The false fact or narrative: On 2 March, Latvia’s most popular Russian-language TV channel, Pervyj Baltiskij kanal (PBK) reported on a protest at the Latvian Ministry of Foreign Affairs in Riga. The rally was in support of Laila Brice, a Latvian resident of Great Britain who had been arrested for hiding in her home a woman with a four-month-old baby. UK authorities thought Brice had information about the woman’s whereabouts but was keeping it from them. PBK reported that protesters had accused the Ministry of Foreign Affairs of ignorance regarding the case, and criticized British authorities for excessive control over the raising of children—and for their cruel attitude towards Brice.

The truth: The Brice case has a long history dating back to 2009, when her 22-month-old daughter was taken away after British officials concluded that Brice was unable to properly care for her child. Later on, a British family adopted the baby. Concerning the demonstration, the PBK journalist only interviewed participants who evidently supported Brice’s interpretation of why she was arrested—thereby framing her as the victim of official Latvian ignorance and uncaring British arbitrariness. Moreover, the voiceover also clearly suggested that the journalist supports Brice’s perspective. In fact, the news story did not explain why Brice was arrested; instead, it emphasized the way she was detained and the consequences of her detention. Nor did it provide any contextual information on why authorities prevented Brice from raising her own daughter, which made the adoption possible. According to information contained in court materials, in September 2009 police arrested Brice at 1 a.m. for being intoxicated while pushing a stroller with her daughter in it. On 10 March 10, Brice’s landlord summoned police to the woman’s apartment, where they found her 22-month-old girl alone, filthy and neglected.

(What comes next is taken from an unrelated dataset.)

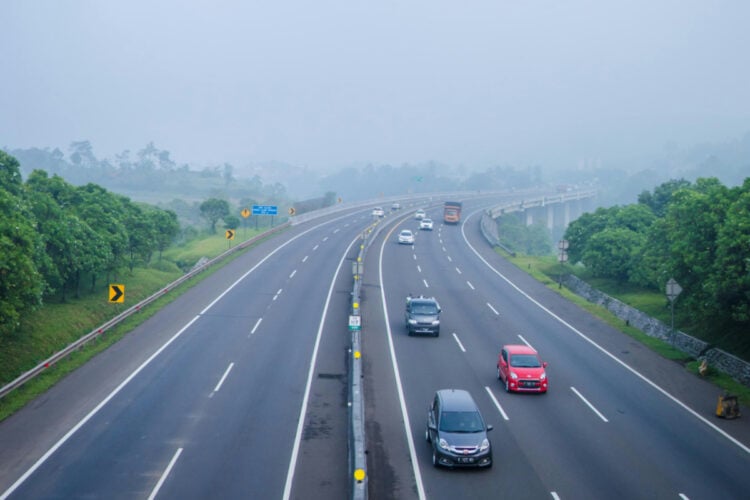 Ilustrasi Dilema Jogja ketika Jalan Tol Menembus Tanah Keraton (Unsplash)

Technique: The journalist selected only those “voices” which were sympathetic with Brice’s position while downplaying any contextual information that might challenge Brice’s narrative or obfuscate her image.

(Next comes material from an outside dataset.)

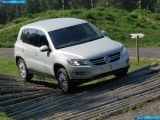 Ð¤Ð¾Ñ‚Ð¾Ð³Ñ€Ð°Ñ„Ð¸Ñ Ð°Ð²Ñ‚Ð¾Ð¼Ð¾Ð±Ð¸Ð»Ñ 2008 Volkswagen Tiguan â„–057 Ð“Ð°Ð»ÐµÑ€ÐµÑ Ñ„Ð¾Ñ‚Ð¾Ð³Ñ€Ð°Ñ„Ð¸Ð¹ и обоев рабочего Ñтола Ñ Ð¸Ð·Ð¾Ð±Ñ€Ð°Ð¶ÐµÐ½Ð¸ÐµÐ¼ ÑкÑтерьера, интерьера, конÑтрукции и дизайнерÑких риÑунков Ð°Ð²Ñ‚Ð¾Ð¼Ð¾Ð±Ð¸Ð»Ñ 2008 Volkswagen Tiguan.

Audience: The citizens of Latvia.

Analysis: Latvia’s media, particularly Russian-language news outlets, have reported extensively on the misfortunes of the former journalist of „Moskovskyj komsomolec”, Laila Brice. Over the past two months, they have expressed explicit or tacit support for Brice. The PBK story, however, illustrates how the case has become an impetus for larger strategic narratives—that is to say, such news demonizes the UK and illuminates the abnormality of juvenile justice as imposed by liberals. Such views color many news stories, echoing Russia’s anti-Western disinformation agenda. They discredit the West (in this specific case, Britain) and demonstrate how mythical liberals threaten imagined traditionalist values, in this case with respect to the upbringing of children. Indeed, the protection of family values, as investigative journalists have demonstrated, has become a salient topic of pro-Russian activists in Latvia. Notably, in recent years Igors Pimenovs, a lawmaker from Harmony—Latvia’s largest Russian ethnic party, which has consistently advocated pro-Kremlin positions—has become the political guardian of Brice’s interests.